------ Data provided ------
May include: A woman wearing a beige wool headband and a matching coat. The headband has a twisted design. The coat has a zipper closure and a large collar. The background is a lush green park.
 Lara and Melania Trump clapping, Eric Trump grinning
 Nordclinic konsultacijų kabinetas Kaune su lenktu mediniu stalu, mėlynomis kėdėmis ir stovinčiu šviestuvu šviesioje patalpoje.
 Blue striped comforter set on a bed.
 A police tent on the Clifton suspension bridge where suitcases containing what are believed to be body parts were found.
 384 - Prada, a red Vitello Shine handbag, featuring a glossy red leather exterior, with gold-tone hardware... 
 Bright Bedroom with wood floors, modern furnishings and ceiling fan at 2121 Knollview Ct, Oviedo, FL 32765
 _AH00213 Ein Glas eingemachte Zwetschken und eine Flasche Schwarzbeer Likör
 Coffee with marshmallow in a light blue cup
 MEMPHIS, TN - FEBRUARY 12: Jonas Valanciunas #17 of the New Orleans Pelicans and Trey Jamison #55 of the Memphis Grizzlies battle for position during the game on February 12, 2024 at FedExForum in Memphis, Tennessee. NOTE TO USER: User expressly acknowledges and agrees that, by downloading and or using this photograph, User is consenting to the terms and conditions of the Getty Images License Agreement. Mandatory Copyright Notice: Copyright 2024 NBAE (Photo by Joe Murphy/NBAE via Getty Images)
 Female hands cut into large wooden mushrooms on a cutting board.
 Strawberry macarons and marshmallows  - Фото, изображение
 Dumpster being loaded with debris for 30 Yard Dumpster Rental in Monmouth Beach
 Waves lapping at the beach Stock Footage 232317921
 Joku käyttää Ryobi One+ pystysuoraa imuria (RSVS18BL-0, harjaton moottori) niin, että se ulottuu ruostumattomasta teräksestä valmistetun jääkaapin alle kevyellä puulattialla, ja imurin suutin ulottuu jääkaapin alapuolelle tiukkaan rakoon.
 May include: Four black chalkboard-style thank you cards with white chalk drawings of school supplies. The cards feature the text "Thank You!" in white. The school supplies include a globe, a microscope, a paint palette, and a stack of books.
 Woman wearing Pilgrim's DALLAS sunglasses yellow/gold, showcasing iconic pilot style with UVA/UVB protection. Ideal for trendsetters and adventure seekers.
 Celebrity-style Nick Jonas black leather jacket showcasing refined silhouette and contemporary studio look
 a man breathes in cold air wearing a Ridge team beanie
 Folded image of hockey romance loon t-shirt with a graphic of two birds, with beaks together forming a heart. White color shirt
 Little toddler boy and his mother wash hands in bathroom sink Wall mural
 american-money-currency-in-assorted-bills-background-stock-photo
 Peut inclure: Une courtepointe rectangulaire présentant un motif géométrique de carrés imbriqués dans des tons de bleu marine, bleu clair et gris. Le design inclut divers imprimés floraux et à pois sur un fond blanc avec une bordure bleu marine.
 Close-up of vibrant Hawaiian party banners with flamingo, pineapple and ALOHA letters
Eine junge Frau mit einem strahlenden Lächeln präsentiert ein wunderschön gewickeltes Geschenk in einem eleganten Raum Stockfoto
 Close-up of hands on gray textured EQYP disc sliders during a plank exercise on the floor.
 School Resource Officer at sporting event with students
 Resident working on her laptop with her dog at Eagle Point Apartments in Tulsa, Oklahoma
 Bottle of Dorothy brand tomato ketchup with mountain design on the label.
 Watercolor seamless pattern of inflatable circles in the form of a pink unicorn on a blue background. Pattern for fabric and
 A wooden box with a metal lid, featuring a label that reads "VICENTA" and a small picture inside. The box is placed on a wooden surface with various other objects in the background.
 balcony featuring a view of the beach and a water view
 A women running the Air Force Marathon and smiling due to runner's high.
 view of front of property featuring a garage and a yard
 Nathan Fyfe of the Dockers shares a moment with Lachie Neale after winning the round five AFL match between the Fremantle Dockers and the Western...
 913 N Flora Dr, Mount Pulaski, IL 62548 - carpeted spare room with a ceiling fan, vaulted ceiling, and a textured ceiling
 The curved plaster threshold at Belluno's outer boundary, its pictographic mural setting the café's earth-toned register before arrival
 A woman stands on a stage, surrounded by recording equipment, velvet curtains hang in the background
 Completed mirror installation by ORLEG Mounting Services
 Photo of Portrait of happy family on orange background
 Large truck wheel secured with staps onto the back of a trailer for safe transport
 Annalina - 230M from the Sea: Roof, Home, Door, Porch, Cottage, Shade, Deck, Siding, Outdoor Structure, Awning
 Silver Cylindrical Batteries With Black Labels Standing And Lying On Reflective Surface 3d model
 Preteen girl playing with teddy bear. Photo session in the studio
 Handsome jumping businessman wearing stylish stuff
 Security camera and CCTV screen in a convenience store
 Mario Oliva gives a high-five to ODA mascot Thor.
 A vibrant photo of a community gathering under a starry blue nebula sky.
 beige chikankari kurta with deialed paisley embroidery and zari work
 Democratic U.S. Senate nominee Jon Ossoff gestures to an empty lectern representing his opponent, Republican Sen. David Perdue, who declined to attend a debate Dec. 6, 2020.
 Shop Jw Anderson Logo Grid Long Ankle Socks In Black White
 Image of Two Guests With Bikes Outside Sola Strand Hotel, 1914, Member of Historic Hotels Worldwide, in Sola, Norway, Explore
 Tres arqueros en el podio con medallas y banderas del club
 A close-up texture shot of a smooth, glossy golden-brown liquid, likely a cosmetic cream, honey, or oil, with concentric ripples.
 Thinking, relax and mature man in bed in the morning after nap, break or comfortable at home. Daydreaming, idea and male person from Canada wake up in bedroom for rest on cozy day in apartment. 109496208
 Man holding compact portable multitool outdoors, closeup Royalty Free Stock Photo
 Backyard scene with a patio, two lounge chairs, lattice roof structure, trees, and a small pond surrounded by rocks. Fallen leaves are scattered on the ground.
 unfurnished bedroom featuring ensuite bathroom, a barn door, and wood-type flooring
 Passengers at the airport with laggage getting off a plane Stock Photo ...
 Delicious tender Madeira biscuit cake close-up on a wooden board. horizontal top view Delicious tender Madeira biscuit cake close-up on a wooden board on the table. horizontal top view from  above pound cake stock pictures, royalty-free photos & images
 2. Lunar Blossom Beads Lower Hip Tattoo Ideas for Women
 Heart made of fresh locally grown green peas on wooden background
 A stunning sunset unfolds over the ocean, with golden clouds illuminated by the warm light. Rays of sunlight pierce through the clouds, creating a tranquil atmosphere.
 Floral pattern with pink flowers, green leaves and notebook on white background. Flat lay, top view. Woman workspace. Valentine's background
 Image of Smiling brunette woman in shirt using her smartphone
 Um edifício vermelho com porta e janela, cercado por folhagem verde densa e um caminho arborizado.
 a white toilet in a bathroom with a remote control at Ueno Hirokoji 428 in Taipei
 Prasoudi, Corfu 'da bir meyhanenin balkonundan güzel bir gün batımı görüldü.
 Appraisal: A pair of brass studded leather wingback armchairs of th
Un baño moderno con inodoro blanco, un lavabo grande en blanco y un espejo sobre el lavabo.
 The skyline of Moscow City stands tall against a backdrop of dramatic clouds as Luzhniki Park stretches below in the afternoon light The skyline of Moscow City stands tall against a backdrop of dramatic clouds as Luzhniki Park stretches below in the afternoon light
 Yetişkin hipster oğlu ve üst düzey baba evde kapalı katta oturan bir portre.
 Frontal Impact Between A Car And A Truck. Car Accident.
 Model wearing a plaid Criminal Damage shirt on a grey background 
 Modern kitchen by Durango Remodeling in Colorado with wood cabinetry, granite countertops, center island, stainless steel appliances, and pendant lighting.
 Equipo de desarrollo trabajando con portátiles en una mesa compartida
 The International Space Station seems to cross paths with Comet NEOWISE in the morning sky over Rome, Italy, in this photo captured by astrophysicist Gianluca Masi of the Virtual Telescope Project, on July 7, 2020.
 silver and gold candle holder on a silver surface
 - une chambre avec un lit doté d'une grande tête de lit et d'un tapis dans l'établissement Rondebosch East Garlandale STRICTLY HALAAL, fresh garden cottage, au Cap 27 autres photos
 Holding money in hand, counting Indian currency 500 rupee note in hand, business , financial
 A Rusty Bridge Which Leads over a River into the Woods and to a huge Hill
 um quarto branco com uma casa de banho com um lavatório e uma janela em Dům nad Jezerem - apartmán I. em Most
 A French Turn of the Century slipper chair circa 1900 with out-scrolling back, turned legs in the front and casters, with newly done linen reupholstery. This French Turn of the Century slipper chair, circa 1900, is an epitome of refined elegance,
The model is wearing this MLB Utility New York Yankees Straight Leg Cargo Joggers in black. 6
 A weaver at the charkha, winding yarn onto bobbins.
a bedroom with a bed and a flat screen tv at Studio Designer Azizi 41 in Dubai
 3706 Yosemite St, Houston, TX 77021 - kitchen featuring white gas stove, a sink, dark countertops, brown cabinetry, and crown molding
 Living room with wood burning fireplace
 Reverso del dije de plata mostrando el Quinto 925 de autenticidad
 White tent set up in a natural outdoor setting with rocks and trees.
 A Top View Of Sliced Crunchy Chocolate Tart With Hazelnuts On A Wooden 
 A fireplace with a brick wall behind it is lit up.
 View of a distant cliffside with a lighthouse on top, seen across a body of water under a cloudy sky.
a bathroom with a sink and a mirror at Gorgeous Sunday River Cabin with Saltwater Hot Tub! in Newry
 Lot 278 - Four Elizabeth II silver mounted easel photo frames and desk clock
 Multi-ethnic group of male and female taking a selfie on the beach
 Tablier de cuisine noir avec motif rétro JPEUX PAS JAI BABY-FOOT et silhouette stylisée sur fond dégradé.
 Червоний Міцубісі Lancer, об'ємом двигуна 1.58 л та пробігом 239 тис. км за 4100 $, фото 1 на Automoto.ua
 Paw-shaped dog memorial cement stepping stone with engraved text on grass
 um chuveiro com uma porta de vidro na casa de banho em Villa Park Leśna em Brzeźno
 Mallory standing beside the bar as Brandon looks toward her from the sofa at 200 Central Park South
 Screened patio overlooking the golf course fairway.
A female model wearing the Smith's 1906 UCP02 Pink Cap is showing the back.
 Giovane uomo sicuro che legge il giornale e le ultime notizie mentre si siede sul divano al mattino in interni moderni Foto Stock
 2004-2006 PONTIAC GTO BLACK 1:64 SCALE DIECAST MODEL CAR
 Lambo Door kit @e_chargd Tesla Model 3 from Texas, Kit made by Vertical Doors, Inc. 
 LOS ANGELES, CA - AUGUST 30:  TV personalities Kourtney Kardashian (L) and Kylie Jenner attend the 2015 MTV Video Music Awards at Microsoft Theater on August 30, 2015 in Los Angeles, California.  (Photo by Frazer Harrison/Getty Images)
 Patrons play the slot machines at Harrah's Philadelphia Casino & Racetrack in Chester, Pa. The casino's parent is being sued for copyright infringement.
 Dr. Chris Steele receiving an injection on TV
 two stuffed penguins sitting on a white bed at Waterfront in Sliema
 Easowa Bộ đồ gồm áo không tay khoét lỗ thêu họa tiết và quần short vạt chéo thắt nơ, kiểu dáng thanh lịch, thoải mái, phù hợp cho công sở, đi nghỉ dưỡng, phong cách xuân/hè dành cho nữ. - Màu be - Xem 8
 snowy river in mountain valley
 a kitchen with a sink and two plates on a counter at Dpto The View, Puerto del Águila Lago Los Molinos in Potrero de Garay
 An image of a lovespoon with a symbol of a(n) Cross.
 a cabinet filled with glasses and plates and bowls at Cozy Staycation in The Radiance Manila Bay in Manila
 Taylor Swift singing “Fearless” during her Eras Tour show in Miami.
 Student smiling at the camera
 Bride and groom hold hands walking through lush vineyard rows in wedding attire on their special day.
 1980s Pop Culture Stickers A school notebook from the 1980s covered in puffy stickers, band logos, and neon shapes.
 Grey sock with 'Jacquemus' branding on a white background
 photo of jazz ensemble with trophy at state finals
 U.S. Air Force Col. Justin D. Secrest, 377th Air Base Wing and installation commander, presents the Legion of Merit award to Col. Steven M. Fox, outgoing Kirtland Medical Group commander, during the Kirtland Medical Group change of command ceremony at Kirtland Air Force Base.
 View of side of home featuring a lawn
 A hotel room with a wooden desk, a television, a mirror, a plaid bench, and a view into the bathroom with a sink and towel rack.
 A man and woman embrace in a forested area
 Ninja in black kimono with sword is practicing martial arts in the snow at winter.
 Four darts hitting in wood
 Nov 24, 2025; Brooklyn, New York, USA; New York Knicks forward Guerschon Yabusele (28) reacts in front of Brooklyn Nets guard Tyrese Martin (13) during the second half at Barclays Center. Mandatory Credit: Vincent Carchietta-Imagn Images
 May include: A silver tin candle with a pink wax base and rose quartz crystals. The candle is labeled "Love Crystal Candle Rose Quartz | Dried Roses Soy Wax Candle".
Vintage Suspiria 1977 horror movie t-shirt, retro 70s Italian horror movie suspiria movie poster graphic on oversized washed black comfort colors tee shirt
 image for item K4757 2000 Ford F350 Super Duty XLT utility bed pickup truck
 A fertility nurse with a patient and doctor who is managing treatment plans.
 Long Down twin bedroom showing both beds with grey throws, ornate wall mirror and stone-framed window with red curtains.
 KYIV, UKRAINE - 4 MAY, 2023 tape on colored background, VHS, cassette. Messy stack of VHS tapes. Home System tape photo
------
# [Description of the task]
All lines above from the one with "3706 Yosemite St, Houston, TX" to the one with "LOS ANGELES, CA - AUGUST", inclusive, should be copied exactly, and no other lines.

# [Solved exercise]
 3706 Yosemite St, Houston, TX 77021 - kitchen featuring white gas stove, a sink, dark countertops, brown cabinetry, and crown molding
 Living room with wood burning fireplace
 Reverso del dije de plata mostrando el Quinto 925 de autenticidad
 White tent set up in a natural outdoor setting with rocks and trees.
 A Top View Of Sliced Crunchy Chocolate Tart With Hazelnuts On A Wooden 
 A fireplace with a brick wall behind it is lit up.
 View of a distant cliffside with a lighthouse on top, seen across a body of water under a cloudy sky.
a bathroom with a sink and a mirror at Gorgeous Sunday River Cabin with Saltwater Hot Tub! in Newry
 Lot 278 - Four Elizabeth II silver mounted easel photo frames and desk clock
 Multi-ethnic group of male and female taking a selfie on the beach
 Tablier de cuisine noir avec motif rétro JPEUX PAS JAI BABY-FOOT et silhouette stylisée sur fond dégradé.
 Червоний Міцубісі Lancer, об'ємом двигуна 1.58 л та пробігом 239 тис. км за 4100 $, фото 1 на Automoto.ua
 Paw-shaped dog memorial cement stepping stone with engraved text on grass
 um chuveiro com uma porta de vidro na casa de banho em Villa Park Leśna em Brzeźno
 Mallory standing beside the bar as Brandon looks toward her from the sofa at 200 Central Park South
 Screened patio overlooking the golf course fairway.
A female model wearing the Smith's 1906 UCP02 Pink Cap is showing the back.
 Giovane uomo sicuro che legge il giornale e le ultime notizie mentre si siede sul divano al mattino in interni moderni Foto Stock
 2004-2006 PONTIAC GTO BLACK 1:64 SCALE DIECAST MODEL CAR
 Lambo Door kit @e_chargd Tesla Model 3 from Texas, Kit made by Vertical Doors, Inc. 
 LOS ANGELES, CA - AUGUST 30:  TV personalities Kourtney Kardashian (L) and Kylie Jenner attend the 2015 MTV Video Music Awards at Microsoft Theater on August 30, 2015 in Los Angeles, California.  (Photo by Frazer Harrison/Getty Images)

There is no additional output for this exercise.